* WORK REQUEST: In the records below, find the line containing "Metallisch Offene Spitze". Restate it and all the lines after it exactly, and omit the rest.

Stored items:
═══
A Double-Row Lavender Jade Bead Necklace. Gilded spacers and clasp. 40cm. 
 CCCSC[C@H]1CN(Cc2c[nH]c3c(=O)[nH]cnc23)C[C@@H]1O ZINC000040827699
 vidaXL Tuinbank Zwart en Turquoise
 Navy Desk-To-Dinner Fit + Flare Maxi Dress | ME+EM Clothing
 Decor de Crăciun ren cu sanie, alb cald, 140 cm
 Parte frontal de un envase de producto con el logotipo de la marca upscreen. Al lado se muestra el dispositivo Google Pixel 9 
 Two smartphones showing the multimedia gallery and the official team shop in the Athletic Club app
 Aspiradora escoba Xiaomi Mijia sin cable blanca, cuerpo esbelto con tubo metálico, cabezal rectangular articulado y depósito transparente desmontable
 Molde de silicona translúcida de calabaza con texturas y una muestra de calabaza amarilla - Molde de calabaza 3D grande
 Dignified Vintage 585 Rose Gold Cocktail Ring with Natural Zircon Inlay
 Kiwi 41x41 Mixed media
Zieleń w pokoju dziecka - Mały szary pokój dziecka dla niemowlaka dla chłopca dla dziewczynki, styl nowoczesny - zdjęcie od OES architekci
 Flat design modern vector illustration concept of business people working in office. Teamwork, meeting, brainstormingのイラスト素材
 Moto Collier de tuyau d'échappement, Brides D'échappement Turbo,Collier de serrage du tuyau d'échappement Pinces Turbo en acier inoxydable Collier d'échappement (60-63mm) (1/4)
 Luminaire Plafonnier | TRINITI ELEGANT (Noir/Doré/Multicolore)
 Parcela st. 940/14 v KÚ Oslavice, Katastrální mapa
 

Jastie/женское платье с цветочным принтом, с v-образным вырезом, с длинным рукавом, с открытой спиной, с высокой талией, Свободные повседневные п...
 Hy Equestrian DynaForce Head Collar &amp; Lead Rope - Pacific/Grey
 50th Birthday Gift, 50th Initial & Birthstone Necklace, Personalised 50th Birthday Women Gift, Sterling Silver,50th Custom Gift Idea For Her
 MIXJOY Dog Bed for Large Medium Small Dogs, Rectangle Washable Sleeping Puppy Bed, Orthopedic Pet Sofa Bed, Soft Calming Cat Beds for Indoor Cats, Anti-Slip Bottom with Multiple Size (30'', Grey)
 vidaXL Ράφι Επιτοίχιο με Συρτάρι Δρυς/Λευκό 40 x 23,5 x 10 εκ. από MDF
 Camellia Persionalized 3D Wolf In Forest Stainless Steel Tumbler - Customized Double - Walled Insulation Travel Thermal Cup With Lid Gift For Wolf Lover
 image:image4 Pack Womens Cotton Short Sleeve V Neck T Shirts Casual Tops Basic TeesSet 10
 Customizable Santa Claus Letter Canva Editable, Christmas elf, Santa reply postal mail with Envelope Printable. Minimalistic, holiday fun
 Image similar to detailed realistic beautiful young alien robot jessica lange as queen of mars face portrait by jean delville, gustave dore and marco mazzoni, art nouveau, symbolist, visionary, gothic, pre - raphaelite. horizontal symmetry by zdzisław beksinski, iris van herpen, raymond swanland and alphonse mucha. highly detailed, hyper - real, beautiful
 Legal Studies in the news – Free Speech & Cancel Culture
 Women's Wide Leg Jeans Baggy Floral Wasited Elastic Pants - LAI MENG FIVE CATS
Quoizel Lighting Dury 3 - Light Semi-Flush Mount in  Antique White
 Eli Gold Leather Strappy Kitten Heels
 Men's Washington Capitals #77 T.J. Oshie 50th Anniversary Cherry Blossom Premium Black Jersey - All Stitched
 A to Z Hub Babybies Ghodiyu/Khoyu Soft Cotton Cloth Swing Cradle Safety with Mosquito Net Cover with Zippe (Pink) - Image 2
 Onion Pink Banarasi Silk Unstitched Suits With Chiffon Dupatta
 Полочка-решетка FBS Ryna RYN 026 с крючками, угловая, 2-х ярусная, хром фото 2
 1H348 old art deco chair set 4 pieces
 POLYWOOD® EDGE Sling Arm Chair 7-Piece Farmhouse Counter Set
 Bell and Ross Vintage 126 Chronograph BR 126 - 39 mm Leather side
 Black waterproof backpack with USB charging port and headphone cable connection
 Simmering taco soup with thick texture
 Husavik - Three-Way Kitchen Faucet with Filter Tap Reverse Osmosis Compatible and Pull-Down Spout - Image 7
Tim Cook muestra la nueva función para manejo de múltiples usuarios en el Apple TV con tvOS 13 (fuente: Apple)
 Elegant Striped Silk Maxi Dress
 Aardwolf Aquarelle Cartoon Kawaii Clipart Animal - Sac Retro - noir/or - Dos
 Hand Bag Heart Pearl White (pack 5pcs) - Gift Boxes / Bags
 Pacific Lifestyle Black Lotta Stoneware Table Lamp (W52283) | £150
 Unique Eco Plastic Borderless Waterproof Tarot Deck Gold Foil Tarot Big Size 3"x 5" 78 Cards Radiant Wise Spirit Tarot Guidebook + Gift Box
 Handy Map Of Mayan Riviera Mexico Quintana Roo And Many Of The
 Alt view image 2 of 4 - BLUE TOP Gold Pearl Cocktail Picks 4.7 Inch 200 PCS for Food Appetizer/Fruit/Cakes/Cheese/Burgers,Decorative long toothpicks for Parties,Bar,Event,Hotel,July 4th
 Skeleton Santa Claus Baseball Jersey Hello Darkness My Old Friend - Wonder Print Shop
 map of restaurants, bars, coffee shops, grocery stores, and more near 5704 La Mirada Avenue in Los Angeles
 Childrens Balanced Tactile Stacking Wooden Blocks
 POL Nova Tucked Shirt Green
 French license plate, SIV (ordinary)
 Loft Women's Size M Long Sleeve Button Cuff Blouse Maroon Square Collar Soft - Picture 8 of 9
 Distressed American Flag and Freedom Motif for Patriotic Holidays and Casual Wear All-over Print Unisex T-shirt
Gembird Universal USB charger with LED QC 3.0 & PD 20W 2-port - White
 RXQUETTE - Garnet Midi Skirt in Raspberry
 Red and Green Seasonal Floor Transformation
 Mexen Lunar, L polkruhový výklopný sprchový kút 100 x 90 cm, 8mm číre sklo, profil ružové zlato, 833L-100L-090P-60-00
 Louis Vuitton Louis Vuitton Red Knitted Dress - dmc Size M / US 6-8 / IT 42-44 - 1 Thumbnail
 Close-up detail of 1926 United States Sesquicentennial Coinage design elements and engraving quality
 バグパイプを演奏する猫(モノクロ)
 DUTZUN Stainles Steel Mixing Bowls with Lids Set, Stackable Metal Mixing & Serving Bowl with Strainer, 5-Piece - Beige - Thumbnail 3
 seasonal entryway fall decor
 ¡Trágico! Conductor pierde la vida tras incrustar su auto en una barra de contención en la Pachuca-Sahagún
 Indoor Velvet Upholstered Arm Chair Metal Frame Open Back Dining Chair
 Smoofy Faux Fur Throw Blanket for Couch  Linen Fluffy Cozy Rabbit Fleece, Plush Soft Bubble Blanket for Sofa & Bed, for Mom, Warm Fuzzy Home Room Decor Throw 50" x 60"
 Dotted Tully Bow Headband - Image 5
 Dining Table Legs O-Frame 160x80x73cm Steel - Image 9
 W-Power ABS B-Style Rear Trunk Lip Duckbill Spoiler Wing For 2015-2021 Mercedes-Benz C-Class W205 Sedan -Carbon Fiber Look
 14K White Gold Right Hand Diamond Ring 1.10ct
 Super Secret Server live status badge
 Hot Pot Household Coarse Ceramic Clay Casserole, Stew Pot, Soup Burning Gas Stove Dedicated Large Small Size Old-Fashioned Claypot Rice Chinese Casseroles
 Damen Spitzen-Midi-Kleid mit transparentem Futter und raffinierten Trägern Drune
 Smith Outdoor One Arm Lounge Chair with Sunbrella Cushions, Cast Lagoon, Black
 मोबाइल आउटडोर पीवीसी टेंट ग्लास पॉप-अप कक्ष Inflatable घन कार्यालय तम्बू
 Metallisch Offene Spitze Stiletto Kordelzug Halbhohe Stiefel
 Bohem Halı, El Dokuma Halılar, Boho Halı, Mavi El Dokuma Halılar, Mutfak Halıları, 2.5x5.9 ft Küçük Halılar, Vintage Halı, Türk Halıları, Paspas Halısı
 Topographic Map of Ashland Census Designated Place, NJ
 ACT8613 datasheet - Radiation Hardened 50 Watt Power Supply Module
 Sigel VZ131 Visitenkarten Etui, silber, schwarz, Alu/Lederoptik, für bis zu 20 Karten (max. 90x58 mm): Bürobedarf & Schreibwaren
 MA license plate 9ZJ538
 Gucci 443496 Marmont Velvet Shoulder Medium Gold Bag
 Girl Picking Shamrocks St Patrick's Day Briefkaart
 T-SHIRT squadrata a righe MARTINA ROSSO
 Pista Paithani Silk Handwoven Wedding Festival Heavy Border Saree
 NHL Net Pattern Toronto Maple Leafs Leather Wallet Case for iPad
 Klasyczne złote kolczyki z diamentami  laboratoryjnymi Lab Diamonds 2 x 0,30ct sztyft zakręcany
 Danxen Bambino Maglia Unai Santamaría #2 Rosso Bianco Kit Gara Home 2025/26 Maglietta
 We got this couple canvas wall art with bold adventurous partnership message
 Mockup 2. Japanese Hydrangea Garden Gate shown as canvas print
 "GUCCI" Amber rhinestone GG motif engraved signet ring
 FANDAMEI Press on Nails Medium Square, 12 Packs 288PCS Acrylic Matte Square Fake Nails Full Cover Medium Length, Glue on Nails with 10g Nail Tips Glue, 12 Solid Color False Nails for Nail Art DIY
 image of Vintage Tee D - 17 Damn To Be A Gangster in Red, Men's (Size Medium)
═══
* SOLUTION TO THE EXERCISE:
 Metallisch Offene Spitze Stiletto Kordelzug Halbhohe Stiefel
 Bohem Halı, El Dokuma Halılar, Boho Halı, Mavi El Dokuma Halılar, Mutfak Halıları, 2.5x5.9 ft Küçük Halılar, Vintage Halı, Türk Halıları, Paspas Halısı
 Topographic Map of Ashland Census Designated Place, NJ
 ACT8613 datasheet - Radiation Hardened 50 Watt Power Supply Module
 Sigel VZ131 Visitenkarten Etui, silber, schwarz, Alu/Lederoptik, für bis zu 20 Karten (max. 90x58 mm): Bürobedarf & Schreibwaren
 MA license plate 9ZJ538
 Gucci 443496 Marmont Velvet Shoulder Medium Gold Bag
 Girl Picking Shamrocks St Patrick's Day Briefkaart
 T-SHIRT squadrata a righe MARTINA ROSSO
 Pista Paithani Silk Handwoven Wedding Festival Heavy Border Saree
 NHL Net Pattern Toronto Maple Leafs Leather Wallet Case for iPad
 Klasyczne złote kolczyki z diamentami  laboratoryjnymi Lab Diamonds 2 x 0,30ct sztyft zakręcany
 Danxen Bambino Maglia Unai Santamaría #2 Rosso Bianco Kit Gara Home 2025/26 Maglietta
 We got this couple canvas wall art with bold adventurous partnership message
 Mockup 2. Japanese Hydrangea Garden Gate shown as canvas print
 "GUCCI" Amber rhinestone GG motif engraved signet ring
 FANDAMEI Press on Nails Medium Square, 12 Packs 288PCS Acrylic Matte Square Fake Nails Full Cover Medium Length, Glue on Nails with 10g Nail Tips Glue, 12 Solid Color False Nails for Nail Art DIY
 image of Vintage Tee D - 17 Damn To Be A Gangster in Red, Men's (Size Medium)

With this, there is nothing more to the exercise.